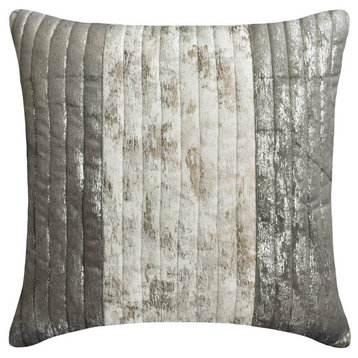 Grey Velvet Textured, Foil & Quilted 14"x14" Throw Pillow Cover - Grey Foil Dusk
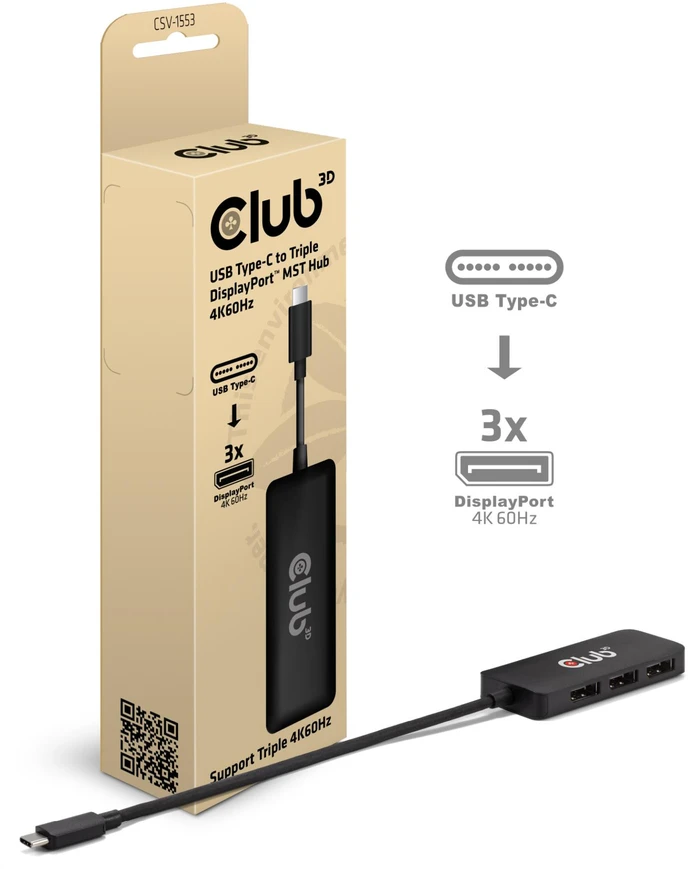 Club 3D CLUB3D CSV-1553 USB C tipo šakotuvai ir koncentratoriai, juodi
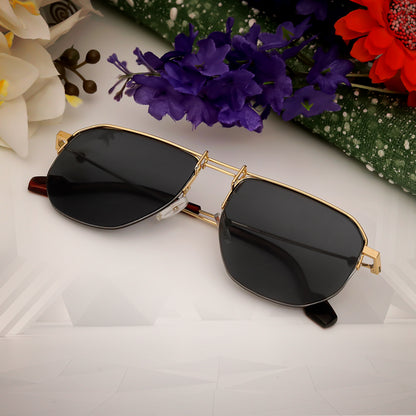 BB Mould Gold Black Unisex Sunglasses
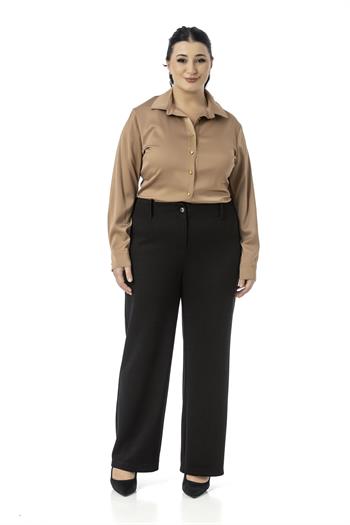 Büyük Beden Beli Arkadan Lastikli Boru Paça Klasik Siyah Pantolon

==========

EXERCISE AIM.
Every word of the material above should be copied exactly; no pictures.

RESPONSE AREA.
 Grey Velvet Textured, Foil & Quilted 14"x14" Throw Pillow Cover - Grey Foil Dusk
 Club 3D CLUB3D CSV-1553 USB C tipo šakotuvai ir koncentratoriai, juodi
 BB Mould Gold Black Unisex Sunglasses
 Büyük Beden Beli Arkadan Lastikli Boru Paça Klasik Siyah Pantolon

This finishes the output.